== Segment start ==

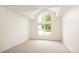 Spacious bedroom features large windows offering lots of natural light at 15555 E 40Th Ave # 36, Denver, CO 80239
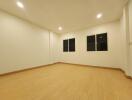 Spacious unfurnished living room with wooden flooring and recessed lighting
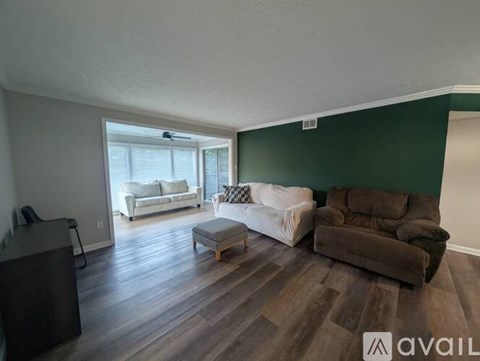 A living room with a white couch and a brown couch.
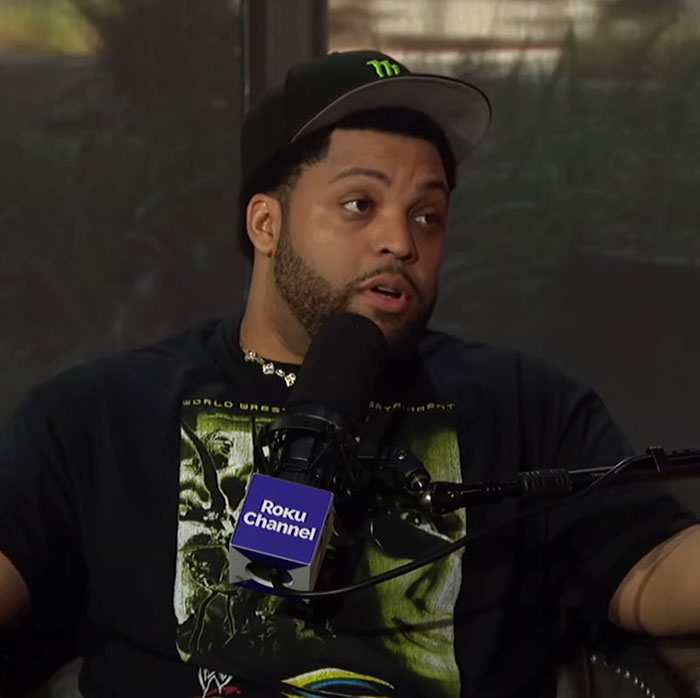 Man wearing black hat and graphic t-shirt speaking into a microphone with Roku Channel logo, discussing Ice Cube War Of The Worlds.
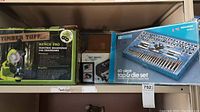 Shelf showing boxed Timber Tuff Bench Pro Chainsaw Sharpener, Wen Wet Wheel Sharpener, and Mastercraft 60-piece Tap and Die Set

== Segment end ==

**WORK ITEM:**
Transcribe the data exactly, minus any images.

**RESPONSE TO THE TASK:**
 Spacious bedroom features large windows offering lots of natural light at 15555 E 40Th Ave # 36, Denver, CO 80239
 Spacious unfurnished living room with wooden flooring and recessed lighting
 A living room with a white couch and a brown couch.
 Man wearing black hat and graphic t-shirt speaking into a microphone with Roku Channel logo, discussing Ice Cube War Of The Worlds.
 Shelf showing boxed Timber Tuff Bench Pro Chainsaw Sharpener, Wen Wet Wheel Sharpener, and Mastercraft 60-piece Tap and Die Set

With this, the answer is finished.